Kisah hidup Ellyas Pical yang dramatis dan bagaimana ia mengarungi hidup hanya berdua dengan ibunya, Mama Ana, memang telah menjadi salah satu kisah from zero to hero paling efektif, terutama bagi mereka yang menjalani masa kanak-kanak di sebuah kota kecilpada 1980-an seperti saya.
Kisah itu akhirnya diangkat menjadi salah satu serial terbaik yang pernah dibuat di negeri ini sebanyak 6 episode, dan ditayangkan di Prime Video.
Foto: Prime Video
Ellyas Pical dibuka dengan efektif dengan memperlihatkan kecantikan kota Saparua di pengujung timur Indonesia. Dengan laut dan langit biru, kita disedot masuk ke dalam sebuah kehidupan yang mungkin terasa jauh bagi sebagian orang, tapi terasa dekat bagi sebagiannya lagi, seperti saya yang juga merasakan kehidupan di kota kecil di tepi pantai di Polewali (Sulawesi Barat).
Herwin Novianto merebut hati penonton sejak awal dengan membiarkan seluruh dialog dituturkan dalam dialek Maluku yang lentur. Jarang sekali ada film/serial Indonesia yang merepresentasikan masyarakat Maluku dan Ellyas Pical menjadi perwakilan yang paling menarik.
Kita langsung berkenalan dengan Elly kecil (diperankan dengan menarik oleh Bimasena) yang sedang mencari ikan di laut. Dalam sebuah adegan dramatis, terjadi pemboman ikan dan Elly tak bisa menghindar karenanya. Telinganya tuli sebelah seketika dan akan terus menjadi identitasnya seterusnya.
Jika membaca kisah hidup Elly sebenarnya, kita tahu adegan dramatis ini direkayasa dan memang dibutuhkan oleh cerita agar kita bisa langsung bersimpati dengan Elly sejak awal. Pendekatan yang diambil penulis skenario Alim Sudio ini berhasil.

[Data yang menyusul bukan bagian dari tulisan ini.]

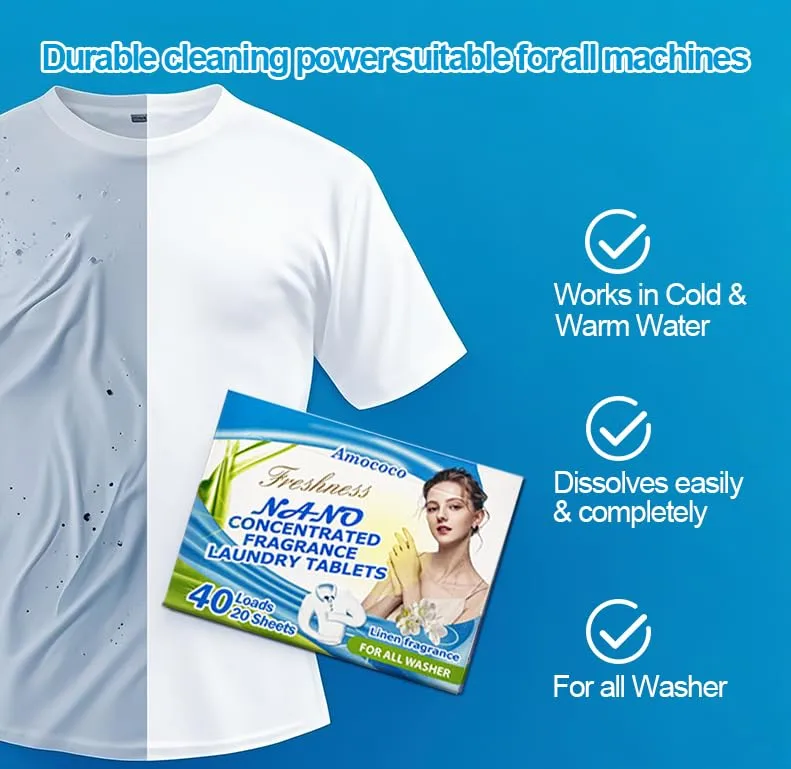Laundry Detergent Tablets, Lavender Scent, 40 Loads, 20 Quick-Dissolving Sheets, Cold & Warm Water Compatible (Linen Fragrance/Blue)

Di tangan Bimasena yang mencuri perhatian sejak film Waktu Maghrib, kita tahu bahwa ada sesuatu yang istimewa dari anak yang terbata-bata ketika disuruh membaca di depan kelas itu.
Foto: Prime Video
Dalam sebuah adegan yang sebenarnya juga klise, Elly diperlihatkan mencoba membantu seorang anak yang sedang dirundung oleh beberapa anak lainnya. Kita tahu adegan ini juga diperlukan untuk memperlihatkan bakat alamiah Elly dalam berkelahi.
Adegan klise ini juga efektif untuk terus membangun perspektif mengenai bagaimana Elly kelak puluhan tahun kemudian, setelah ia ikut menyaksikan pertandingan tinju di sebuah warung yang menyiarkan Muhammad Ali.

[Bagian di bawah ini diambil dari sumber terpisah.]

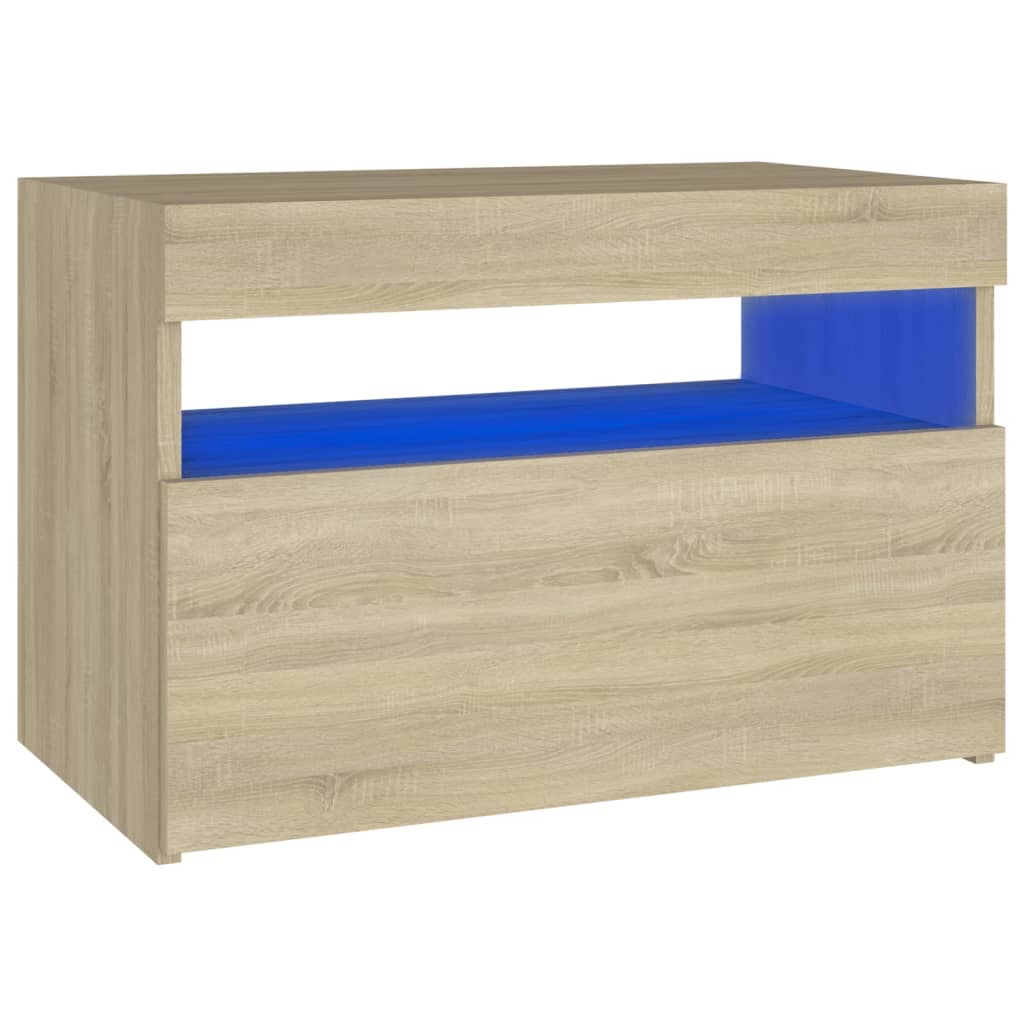 Comodino con Luci LED Sonoma 60x35x40 cm in Legno Multistrato - homemem39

Yang menarik dari biopik ini adalah betapa leluasanya kreator diberi ruang untuk memperlihatkan bagaimana manusiawinya Ellyas Pical. Bandingkan dengan Susi Susanti: Love All yang terasa terlalu bersih dari skandal apa pun.

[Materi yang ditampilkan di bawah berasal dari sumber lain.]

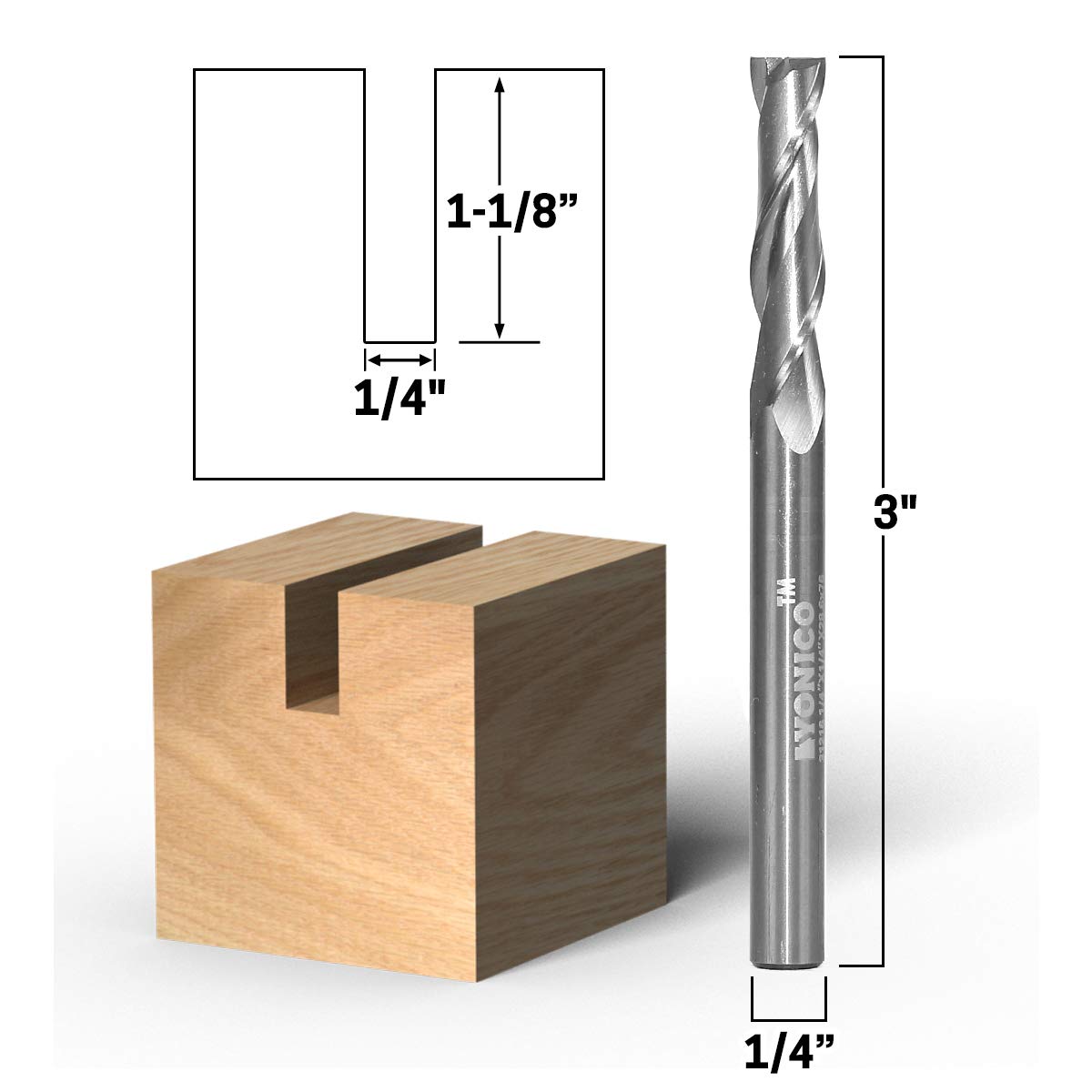 YONICO Upcut Router Bits Spiral 2 Flute Solid Carbide CNC End Mill 1/4-Inch Dia. 1/4-Inch Shank 31216-SC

Ellyas Pical justru membiarkan kehidupan dirinya ditelanjangi secukupnya. Ketika ia sudah menjadi juara dunia dan bertaburan harta, Elly sempat merasakan ujian dari alkohol hingga perempuan dan membuatnya berpaling sejenak dari latihan tinju.
Namun yang membuat Ellyas Pical terasa dekat bagi siapa pun hingga hari ini adalah bagaimana kedekatannya dengan ibunya, Mama Ana, yang menjadi pilar utama hidupnya. Mama Ana adalah sebaik-baiknya seorang ibu buat anak semata wayang.
Seorang ibu yang dengan kasih sayangnya yang sering kali terasa berlebihan, justru tak menginginkan anaknya mengambil risiko apa pun.
Foto: Prime Video
Seorang ibu yang dengan keterbatasannya justru tak ingin anaknya lantas kelak hanya menjadi seorang pecundang seperti beberapa orang yang dikenalnya di kampungnya. Tapi ketika sang anak memperlihatkan kegigihan, semangat juang dan pantang menyerah, Mama Ana tahu apa yang harus ia lakukan.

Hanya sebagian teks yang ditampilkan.